Opposition Fiscal Plan: Overtax, Overspend

They're not yet in power, but they're getting ready to go on a spending spree. And where will they get the money? Don't worry that's what successful businessmen are for.
Fife reported earlier Monday that the cabinet formed under the coalition would include both Liberal and NDP ministers. The Liberals would take 18 cabinet seats, while the NDP would get six.

Fife also reported that the coalition government would introduce a $30-billion economic stimulus package and roll back $50 billion in planned corporate tax cuts.
In other words - they'll be robbing a successful businessman Peter to pay Paul, whose business is failing. Rolling back business tax cuts means raising the small business rate from 11% back to 13.12% - nearly a 20% increase. Great way to provide an economic stimulus, isn't it?
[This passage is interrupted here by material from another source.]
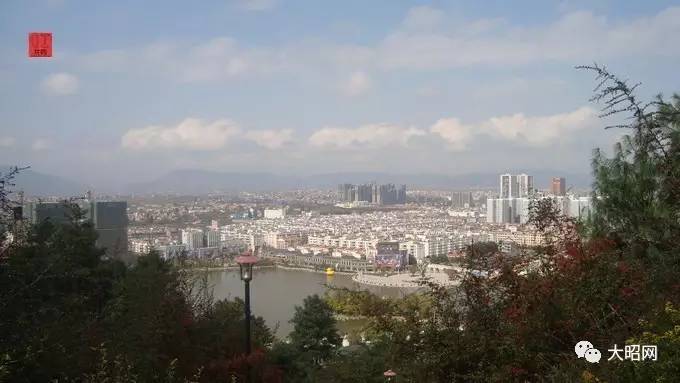 “昭阳八景”新设想|时过境迁,它们还是一如既往地美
And another thing: They're looking forward to cancel $50B in tax cuts and to outlay $30B in bailouts. What happens to the rest? What are they planning to do with the $20,000,000,000 "leftovers"? Waste them on the Kyoto "carbon credit" market? Spend them on vote-buying and social engineering? (Handouts to special interest groups, universal McDaycare, affordable ghetto housing etc.) Or maybe they don't even count on those remaining $20B, considering the inevitable slowdown and bankruptcies resulting from their tax hike? After all, not every Mom & Pop Enterprise out there could afford to pay an extra 20% in taxes, to raise money for the bailouts...
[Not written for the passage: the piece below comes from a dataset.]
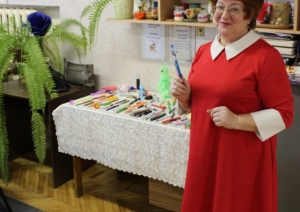 Zvaigznes diena biedrībā “Mūsmājas”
It's been just 6 weeks since voters rejected the Liberals the NDP and the Bloc individually. If they want to gang-up to ransack the country's finances - they must leave the final say to the voters. Spending $200M on a new election is a far lesser evil than having the country's fate decided by a back-door deal.

Update: The original news release has been removed from the CTV site, but thanks to the bloggers we can still have a glimpse of what a Liberal/NDP budget would be like.

Please sign a petition to your Member of Parliament to oppose the proposed "coalition". Yes, I know it's going to be a whipped vote, so our signatures are unlikely to change anything. Still - let them know what we think about their back room deals.

Update 2: A Rally For Canada will take place in several cities across the country to protest this potential coalition, especially the fact that the NDP and Bloc had been in discussions about such an idea well before the fiscal update was presented.